## Tuesday, June 12, 2012

### Independence and Bayes Rule

* Probability Theory by Example

* Often times some of the rules of probability theory can seem quite abstract.

* Hopefully simulating data will yield a clearer understanding of how these rules work.

* This is stata code
version 11
set seed 11

clear
set obs 100

* First off if A & B are independent then the expected value of A*B is equal expected value of a times that of the expected value of B.

* E(A*B)=E(A)E(B) if A and B are independent.
gen A=rnormal()+9
gen B=runiform()

gen AB = A*B

sum A
local A=r(mean)

sum B
local B=r(mean)

di "mean_A * mean_B = =A'*B''"

sum ab

* Se can see that the mean of A times the mean of B is close to that of the mean of the two variables.

* They do not need to be equal because all of the measures are noisy because we are dealing with a sample.

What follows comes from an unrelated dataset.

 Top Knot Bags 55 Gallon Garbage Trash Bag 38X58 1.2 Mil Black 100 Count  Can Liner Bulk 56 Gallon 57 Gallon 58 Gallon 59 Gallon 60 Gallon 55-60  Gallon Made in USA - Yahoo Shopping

* As the sample gets larger they should get closer.

clear
* Increase sample size to 100,000 observations
set obs 100000

gen A=rnormal()+9
gen B=runiform()

gen AB = A*B

sum A
local A=r(mean)

sum B
local B=r(mean)

di "mean_A * mean_B = =A'*B''"

sum AB

* However, simply because E(AB)=E(A)*E(B) does not imply independence.

clear
* Increase sample size to 100,000 observations
set obs 100000

gen A=rnormal()
gen B=abs(A)
* B equals the absolute value of A

gen AB=A*B

sum A
local A=r(mean)

sum B
local B=r(mean)

di "mean_A * mean_B = =A'*`B''"

sum AB

* The means are pretty close.

* However, there closeness clearly does not imply independence since: we know the value of B if we know what A is.

* Another way of thinking about independence is "does knowing A tell us anything about B or does knowing B tell us anything about A?"

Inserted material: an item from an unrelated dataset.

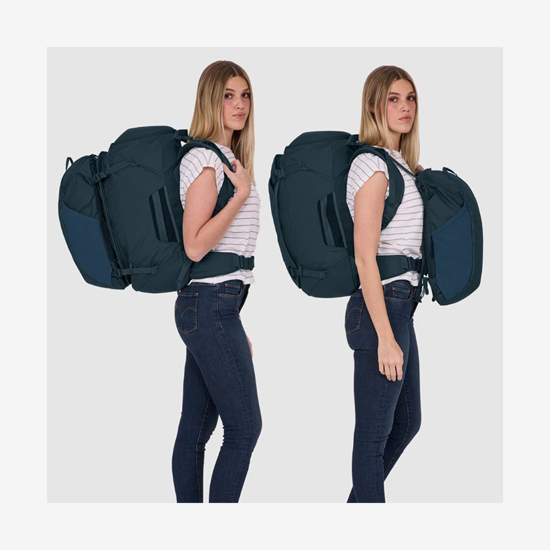 THULE nahrbtnik 808558 LANDMARK W darkest blue 60L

* Clearly A tells us a lot about B

* Let's look at Bayes Theorem briefly

* Bayes Theorem states

* P(A|B)=P(B|A)P(A)/P(B)

* If A and B are independent then P(B|A)=P(B) and P(A|B)=P(A)

* Let's try simulating an example:

clear
* Increase sample size to 100,000 observations
set obs 100000

gen A=rbinomial(1,.6)
* The probability of A. P(A=1)=.6 or in our sample
sum A
di r(mean)

gen B=rbinomial(1,.1+A*.7)
* The probability of B given A [P(B=1|A=1)] = .1+A*.7 = .1+.7=.8

* Therefore P(B=1)= .1+E(A)*.7=.1+.6*.7=.1+.42=.52

* So P(A=1|B=1)= P(B=1|A=1)*P(A=1)/P(B=1)

di "P(A=1|B=1)=".8*.6/.52

* Lets see if the data confirms
sum A if B == 1
* This gives us the probability of A == 1 given B==1 (because A is a dummy variable)

* The mean which is what we are looking at is pretty close

* Likewise:
di "P(A=1|B=0)="(1-.8)*.6/.52
sum A if B == 0

* Thus Bayes rule seems to work pretty well in our generated data.